If you’ve spent any time reading my thoughts and ramblings on stories you’ll have picked up that I’m fascinated with stories that examine criminals and why they commit crimes. That’s a pretty broad category of narrative, and there are plenty of smaller niches that I find myself gravitating towards. And one of those niches is a very specific sub-genre of crime story that revolve around fathers and daughters trying to survive in a world of crime. I’ve already talked about a terrific novel called She Rides Shotgun that peaks into that particular kind of world, and I’ve been a huge fan of the classic film Paper Moon, which is certainly a more light-hearted take on the genre, but still delivers that strangely satisfying father/daughter crime dynamic. Being a guy who doesn’t have kids yet, and doesn’t even have a sister, I’m not quite sure why the father/daughter dynamic works so well with me, but I’m always on the lookout for more stories that fall into this category, telling the story of a family doing their best to survive in a world of crime. And, I’ve recently found a novel that is carried by this sort of relationship, and it’s a hell of a good ride too. It’s Hannah Tinti’s The Twelve Lives of Samuel Hawley, and it’s legitimately one of my favorite books I’ve read this year.

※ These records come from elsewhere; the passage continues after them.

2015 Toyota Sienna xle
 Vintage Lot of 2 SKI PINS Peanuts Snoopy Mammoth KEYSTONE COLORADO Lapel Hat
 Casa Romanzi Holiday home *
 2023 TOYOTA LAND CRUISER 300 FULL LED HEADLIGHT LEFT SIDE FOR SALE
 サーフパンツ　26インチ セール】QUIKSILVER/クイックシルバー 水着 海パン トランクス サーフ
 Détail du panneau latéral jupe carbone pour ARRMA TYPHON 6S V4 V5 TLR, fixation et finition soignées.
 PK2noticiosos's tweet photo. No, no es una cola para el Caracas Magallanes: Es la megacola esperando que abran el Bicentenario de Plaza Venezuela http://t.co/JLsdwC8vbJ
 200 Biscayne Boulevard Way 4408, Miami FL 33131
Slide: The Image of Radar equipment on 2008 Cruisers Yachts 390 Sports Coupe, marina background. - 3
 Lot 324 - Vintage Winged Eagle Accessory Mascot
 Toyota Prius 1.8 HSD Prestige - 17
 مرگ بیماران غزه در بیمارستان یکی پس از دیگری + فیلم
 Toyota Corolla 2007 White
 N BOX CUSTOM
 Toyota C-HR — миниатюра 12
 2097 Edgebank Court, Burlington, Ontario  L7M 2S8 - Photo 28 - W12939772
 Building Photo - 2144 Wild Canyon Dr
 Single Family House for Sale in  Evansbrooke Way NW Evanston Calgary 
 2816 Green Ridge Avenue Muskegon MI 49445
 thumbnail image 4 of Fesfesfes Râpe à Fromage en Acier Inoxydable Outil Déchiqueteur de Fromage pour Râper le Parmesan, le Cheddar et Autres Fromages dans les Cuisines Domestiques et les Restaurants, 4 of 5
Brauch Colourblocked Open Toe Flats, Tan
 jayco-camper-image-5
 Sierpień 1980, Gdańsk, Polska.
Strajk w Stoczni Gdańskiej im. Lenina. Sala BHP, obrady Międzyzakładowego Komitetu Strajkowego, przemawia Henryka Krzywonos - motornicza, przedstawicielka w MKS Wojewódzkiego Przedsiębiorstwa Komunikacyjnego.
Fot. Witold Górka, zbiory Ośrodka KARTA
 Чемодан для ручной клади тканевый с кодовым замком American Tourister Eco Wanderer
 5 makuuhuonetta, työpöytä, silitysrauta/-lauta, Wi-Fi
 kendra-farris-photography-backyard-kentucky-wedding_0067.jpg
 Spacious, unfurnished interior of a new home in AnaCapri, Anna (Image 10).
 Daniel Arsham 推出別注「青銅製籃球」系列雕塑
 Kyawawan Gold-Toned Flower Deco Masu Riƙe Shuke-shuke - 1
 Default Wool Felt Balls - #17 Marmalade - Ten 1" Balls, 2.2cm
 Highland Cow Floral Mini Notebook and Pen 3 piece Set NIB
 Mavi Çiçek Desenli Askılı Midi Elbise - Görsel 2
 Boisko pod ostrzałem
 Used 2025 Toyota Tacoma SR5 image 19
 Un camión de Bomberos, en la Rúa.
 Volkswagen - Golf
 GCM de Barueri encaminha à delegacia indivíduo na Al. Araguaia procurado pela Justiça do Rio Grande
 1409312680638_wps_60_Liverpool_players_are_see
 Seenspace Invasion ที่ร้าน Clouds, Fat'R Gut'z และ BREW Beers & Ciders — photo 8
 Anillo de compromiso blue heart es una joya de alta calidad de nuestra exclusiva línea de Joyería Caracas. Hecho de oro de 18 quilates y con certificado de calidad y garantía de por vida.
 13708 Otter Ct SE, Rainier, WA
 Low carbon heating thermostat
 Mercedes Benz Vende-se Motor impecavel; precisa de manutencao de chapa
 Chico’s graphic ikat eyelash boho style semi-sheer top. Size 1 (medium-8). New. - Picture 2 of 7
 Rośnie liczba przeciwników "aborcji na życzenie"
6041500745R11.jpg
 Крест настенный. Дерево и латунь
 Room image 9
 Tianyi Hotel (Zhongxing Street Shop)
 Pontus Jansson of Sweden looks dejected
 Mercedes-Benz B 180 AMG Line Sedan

The Twelve Lives of Samuel Hawley follows the titular Samuel Hawley and his daughter Louise, or Loo as she prefers to be called. The narrative switches roles, every other chapter either telling the story of Loo’s life as she grows up with her mysterious father, or the various stories of the twelve bullets that Samuel Hawley has been shot with over his life, filling in his shadowy past. Loo’s mother died when she was just a baby, and she and Hawley had spent most of her life travelling around the country, never staying in one space too long, constantly on the run from Hawley’s past. But, eventually, they settle down in the sleepy New England town that Loo’s mother Lily grew up in. They kind of live as outsiders in the town for a while, but eventually ingratiate themselves, finally setting down roots for the first time in either of their lives. We then get to see Loo grow up, become her own woman, and struggle to deal with her own past. She never knew her mother, and is constantly looking for something to relate with her, trying to find who her mother was to point her in the right direction of finding out who she is.
Meanwhile, we get to learn what happened to Samuel Hawley over the years, and what brought him to the point of running around the country with his pre-teen daughter. Hawley had always been a bit of a screw-up, finding a penchant for thievery and murder, which eventually put him in a position where he’s under the thumb of a mobster that eventually grows to hate him thanks to a catastrophically failed assignment. Hawley ended up not being able to protect his wife, losing her to a figure from his past before throwing him into a spiral of chaos. He considered abandoning his daughter, and even comes close to suicide, but he ends up pulling it all together after finding a purpose in his life in the form of his daughter. The two form a real like in their sleepy town, but eventually Hawley’s past rears its ugly head, and he and Loo are forced to reckon with his past decisions.
This is a very fun novel, full of a really fast-paced and addictive prose that helps you fly through the novel, becoming incredibly invested in these characters and the struggles that they go through. For significant portions of the novel things can slow down and becoming a fascinating coming-of-age story with Loo, telling the story of a young woman who is struggling to find out who she is, before jogging back in time to tell a series of thrilling crime vignettes with her father, slowly building up the foreboding past that Hawley is running from. Because this whole story is really about the past, and how it effects our present. From Loo’s perspective she’s struggling to learn about her own past, specifically the mother she never knew. Hawley never wants to talk about her, and Loo is desperate to find anything about her, hoping that unlocking the secrets of her mother’s past will help her for her own life. Meanwhile, everything we learn about Hawley are the numerous terrible decisions he’s made in his life, and how they’ve consistently come back to bite him in the ass. He lost his wife thanks to a mistake he made in the past, and plans on spending the rest of his life on the run, hoping that his past will never catch up with him again. But, he too feels a strong draw from his wife’s past, and finally allows himself to settle down, only for his past to finally find him, and threaten to destroy his life. This novel is full of people who are trying to be something they’re not, and escaping the decisions that they made. Because we can’t run from our mistakes. They all catch up eventually. And, no matter how difficult it may be, accepting the mistakes of your past and attempting to rectify them is the right way to handle things.